With millions in unreported income and an identity unknown to the government, alleged House of Prayer Christian Church mastermind Rony Denis will remain in jail without bond.

About five hours into his Wednesday detention hearing in U.S. District Court in Augusta, however, Denis said he was sick and court adjourned without ruling on his release.
Denis is one of two House of Prayer officials still in custody after FBI agents arrested eight last week on a 26-count indictment for their roles in stealing millions in military benefits through a network of churches and real estate fraud. A ninth is charged with sex abuse involving a minor.
Lead prosecutor in the case Patricia Rhodes spent much of Wednesday afternoon demonstrating how Denis’ unknown identity makes him an extreme flight risk. Witness Todd Cart from the Department of Homeland Security testified about the array of documents Denis allegedly used to make his way into the United States, the Army and eventually to becoming a U.S. citizen.
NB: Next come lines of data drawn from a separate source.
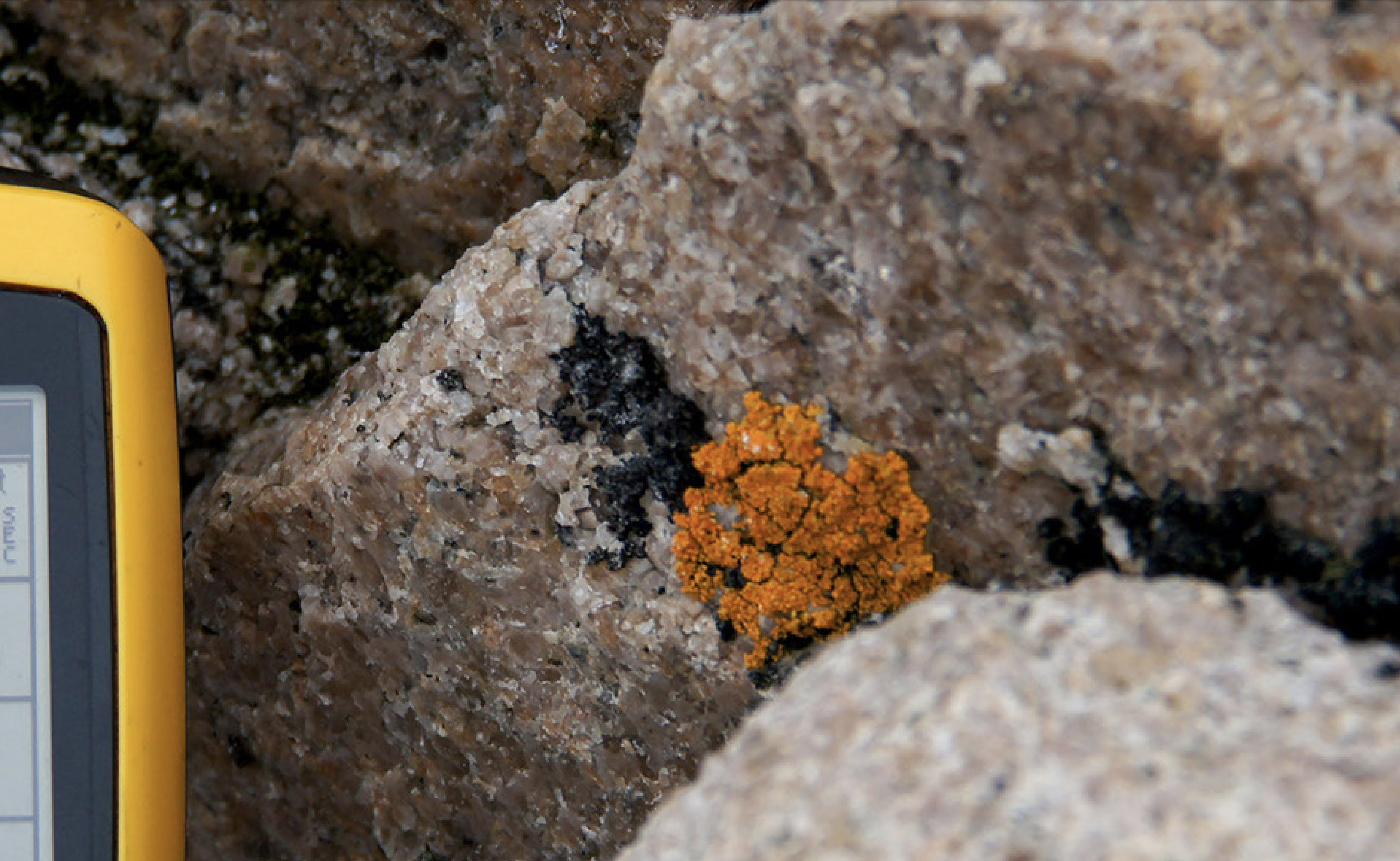 Brownson Island Lichens.jpg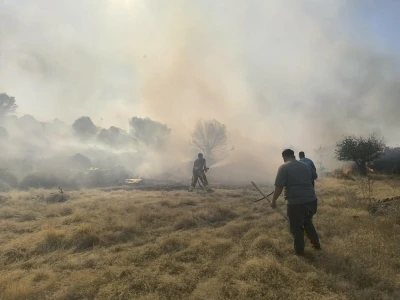 Ayvalık&rsquo;ta eş zamanlı &ccedil;ıkan 4 yangın b&uuml;y&uuml;meden s&ouml;nd&uuml;r&uuml;ld&uuml;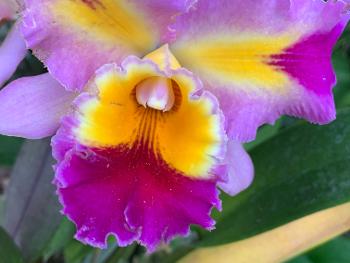 Purple and yellow orchid . 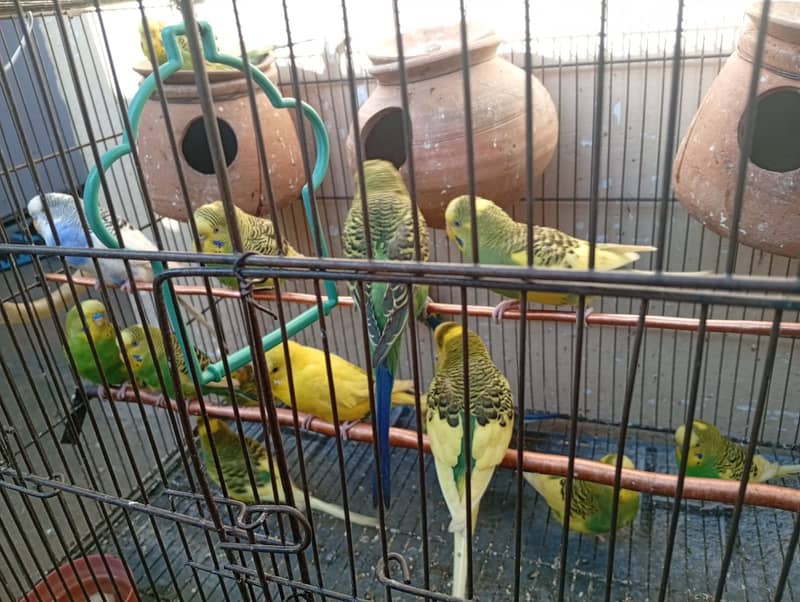 16 Birds with cage 1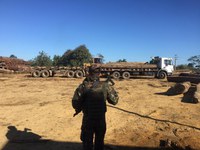 Comandos Conjuntos atuam na fiscalização contra delitos ambientais e no combate ao novo coronavírus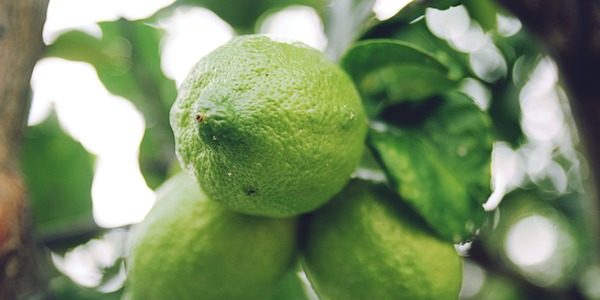 Close-up of green limes growing on a tree.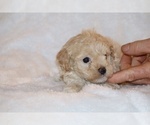 Small #3 Poodle (Toy)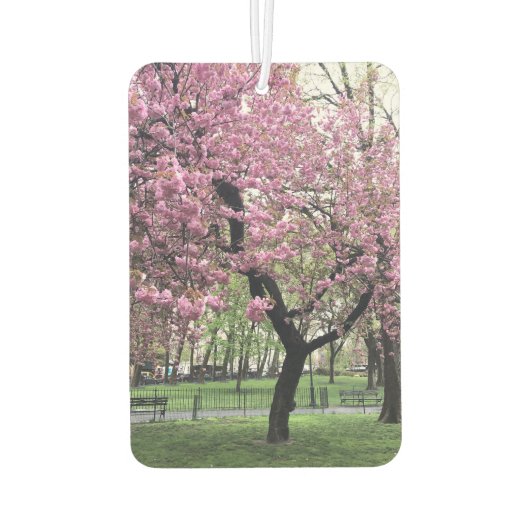 Roze Cherry Tree Blossom Springtime New York City Luchtverfrisser (Achterkant)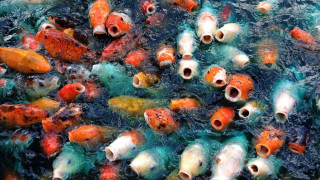 Fish swimming together water camera - fish free wallpaper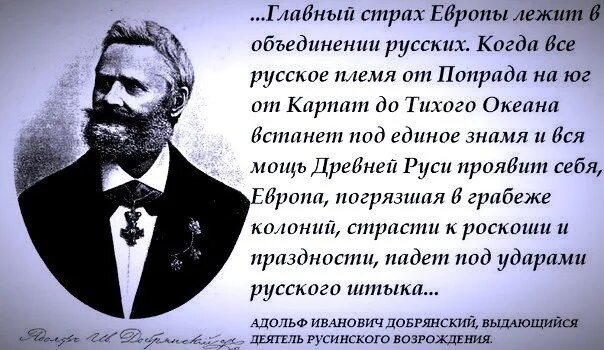 Европа пляшет на костях. Пушкин животных утоляя страх. Животный утоляя страх времен двенадцатого года. Пушкин стих животный утоляя страх.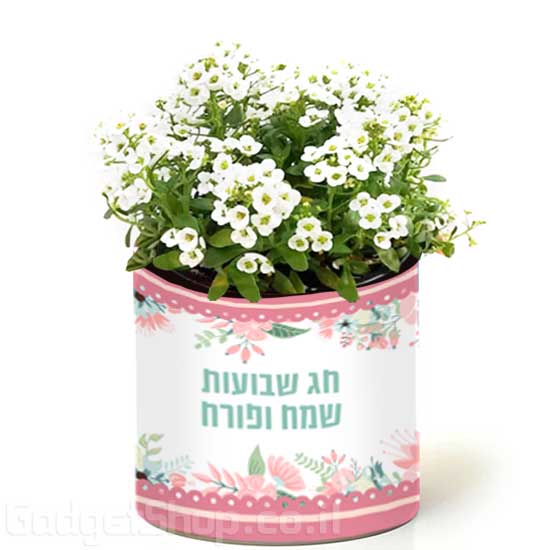 מתנה ליום האישה
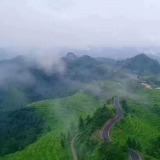 行走的绿水青山  有机茶让牛角山成“金山银山”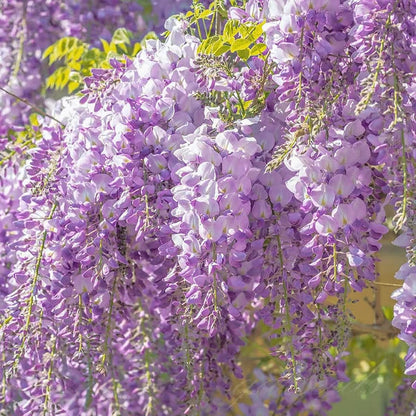 Wisteria Flower Seeds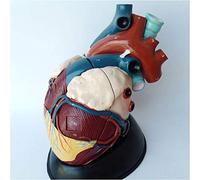 Human Anatomical Anatomy Model - Advanced Teaching Visceral Model for Educational Studies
Denis’ attorney Steven Sadow, the former lead counsel for Donald Trump in his Georgia election interference case, raised numerous questions about the documents, such as why they contained inconsistent birth dates and other details.
The real Rony Denis
The real Rony Denis arrived by boat at the Port of Miami from Haiti in October 1980 seeking asylum, Cart testified. He was assigned an alien number and later obtained a social security number. In 1983 he requested replacement immigration documents, saying his own had been stolen. He was positive for HIV and died in 1989.
The real Denis, Sadow noted, had arrived in the country without any documentation himself.
The House of Prayer leader Rony Denis, meanwhile, used the actual Denis’ name, birthdate and alien number to join the Army. An Army recruiter would have been expected to verify the enlistee’s immigration papers, said Cart.
Using a false name and ID numbers to join the military “alone, is sufficient to deny him bond,” but there are several other reasons, including his access to “considerable funds,” Rhodes told the court.
Income hidden through layers
During the years 2018-2020, the IRS determined Denis had unreported income of more than $5.7 million, Rhodes said. The church took in $2.8 million in unreported income, she said. And the church Denis’ inner circle moved funds around “like a shell game” through hundreds of accounts and transactions that tended to lead back to Denis’ pockets, she said.
Rhodes showed the court a 2018 check for $800,000 written to Denis. He used the funds toward the purchase of homes in Palm Beach, Fla., and nearby Martinez, she said. FBI agents and sheriff’s deputies arrested Denis at his $1.5 million home in the gated subdivision.
Authorities have broken the organization’s fraud into two main schemes: One diverted millions in GI bill payments into strict, but worthless House of Prayer seminaries, despite the programs being ineligible for the funding. The other was an elaborate real estate scheme in which church members were used as straw buyers to fraudulently purchase homes used to generate church leaders’ profits.
The wealth was used to purchase luxury automobiles including two Rolls Royces and two Bentleys, Rhodes said.
Church business practices
The other defendant still in custody, Anthony Oloans, served a key role as liaison between Denis and the enterprise, she said. Oloans delivered daily reports and thumb drives containing copious amounts of information such as account logins, security questions, mortgage information and the identities of all participants. Oloans was scheduled to have a detention hearing Thursday.
The documents were kept in folders known as the “hooch,” Rhodes said. Recordings will reveal defendants commenting about the need to “clean up the hooch,” she said.
Prosecutors also believe Denis’ extreme influence on his congregation would lead to intimidation of witnesses, she said.
Recordings will show members reporting being afraid to leave and harassed and threatened if they tried. Denis held a meeting on the topic, “how to stay ahead of the FBI,” she said. Members were instructed to do exactly as Denis said, even if it included consuming unknown substances, she said.
Denis is known as the “ultimate decisionmaker,” she said. “Nothing happens without his approval.”